Il était nécessaire de revenir sur cette histoire pour comprendre à quel point l’offensive actuelle de Sarkozy s’appuie sur les reniements de la gauche institutionnelle et les capitulations des directions des confédérations syndicales. C’est ce consensus qu’ont battu en brèche les cheminots et les salariés de la RATP, sans toutefois pouvoir le mettre en pièces. La lutte pour le maintien des régimes spéciaux est de l’intérêt de tous, non seulement parce qu’elle peut stopper l’offensive que le gouvernement mène contre les retraites de tous les salariés, mais aussi parce que l’argument démographique est un mensonge réactionnaire destiné à justifier l’accaparement, par une minorité de gros actionnaires, des richesses produites par la collectivité.
Outre que le COR a reconnu, dans le rapport qu’il vient de publier, que la population active devrait rester stable, contrairement aux prévisions catastrophistes qui prévalaient jusque-là, il faut dire et répéter que le financement de la protection sociale ne poserait aucun problème si le chômage diminuait, si les salaires étaient augmentés et si on augmentait la part patronale des cotisations sociales.

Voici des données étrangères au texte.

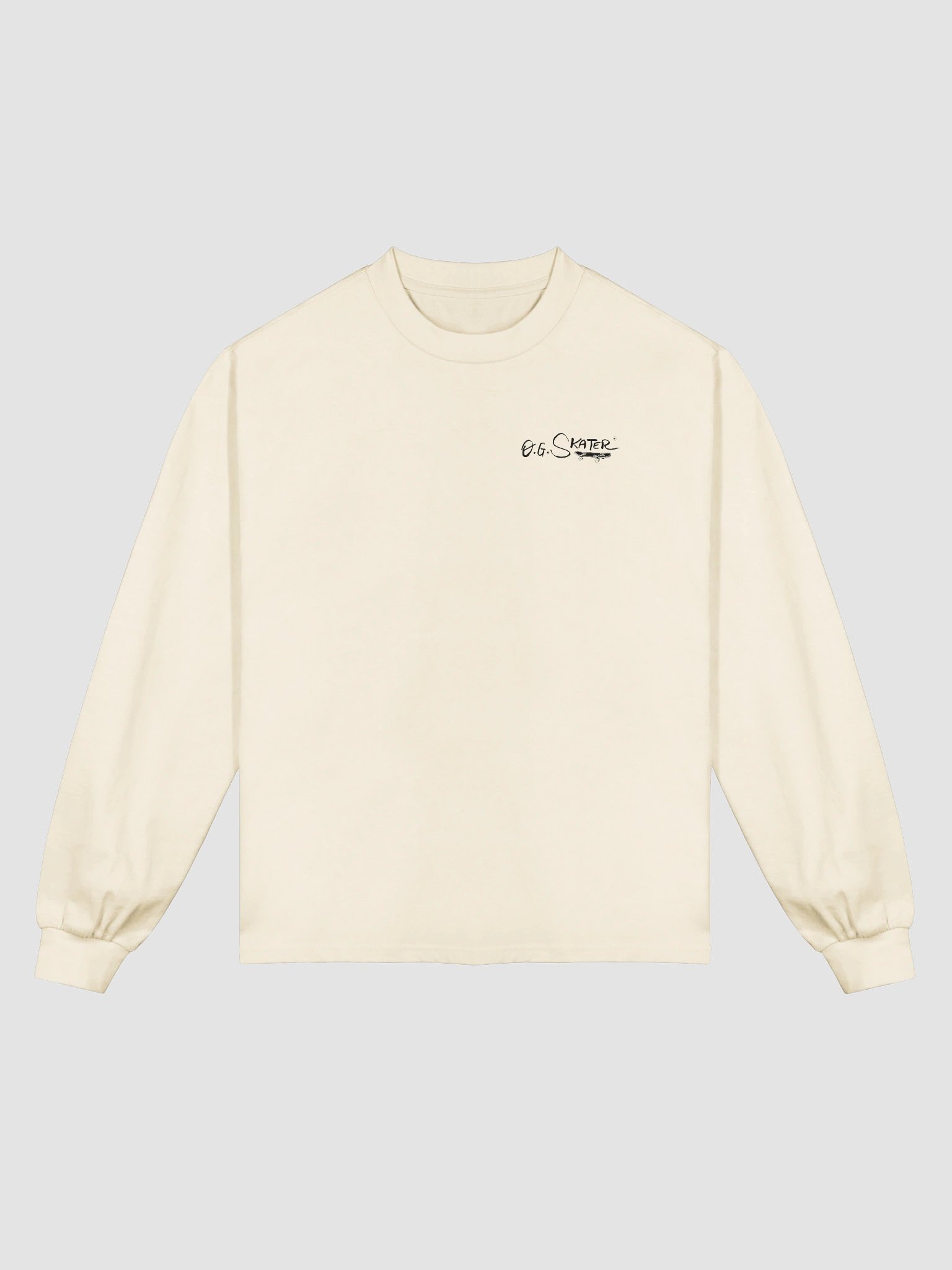 (1837) "Victorian Skater Girl" (long sleeve) product image (2)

La revendication des 37,5 ans pour tous s’inscrit dans une perspective globale de contre-offensive du monde du travail autour des exigences qui répondent aux besoins de la population : un CDI pour tous, augmentation des salaires de 300 euros pour tous et pas de salaire inférieur à 1 500 euros net, avec ou sans emploi. Face au front des tenants des réformes libérales, la grève des cheminots et des salariés de la RATP a permis que s’expriment les intérêts d’un autre camp, celui des travailleurs, celui de la collectivité. Après les grèves de 2003 et celles de 2006, elle s’inscrit dans la reconstruction d’un mouvement ouvrier sur des bases d’indépendance de classe, dont participe la bataille pour la construction d’un parti anticapitaliste.